Nach der Aktenlage ist somit davon auszugehen, dass das Kind L erst ab Oktober 2011 im Haushalt des Bf. gelebt hat. Anspruch auf Familienbeihilfe hat der Bf. demnach ab Oktober 2011.

Ein etwaiger Anspruch auf Familienbeihilfe für Zeiträume vor der gemeinsamen Haushalts­führung mit dem Kind infolge einer überwiegenden Tragung der Unterhalts­kosten für das Kind wurde vom Bf. nicht nachgewiesen.

Die Familienbeihilfe für die Tochter L ist daher ab Oktober 2011 zu gewähren.
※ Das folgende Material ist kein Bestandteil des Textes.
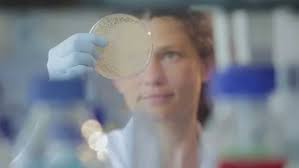 Prof. Dr. Ilse Denise Jacobsen, HKI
Zulässigkeit einer Revision

Gegen ein Erkenntnis des Bundesfinanzgerichtes ist die Revision zulässig, wenn sie von der Lösung einer Rechtsfrage abhängt, der grundsätzliche Bedeutung zukommt, insbesondere weil das Erkenntnis von der Rechtsprechung des Verwaltungsgerichts­hofes abweicht, eine solche Rechtsprechung fehlt oder die zu lösende Rechtsfrage in der bisherigen Recht­sprechung des Verwaltungsgerichtshofes nicht einheitlich beantwortet wird.

Diese Voraussetzung liegt im Beschwerdefall nicht vor, da das Erkenntnis des Bundes­finanz­gerichtes der Rechtsprechung des Verwaltungsgerichts­hofes (VwGH 29.5.2013, 2010/16/0175) folgt.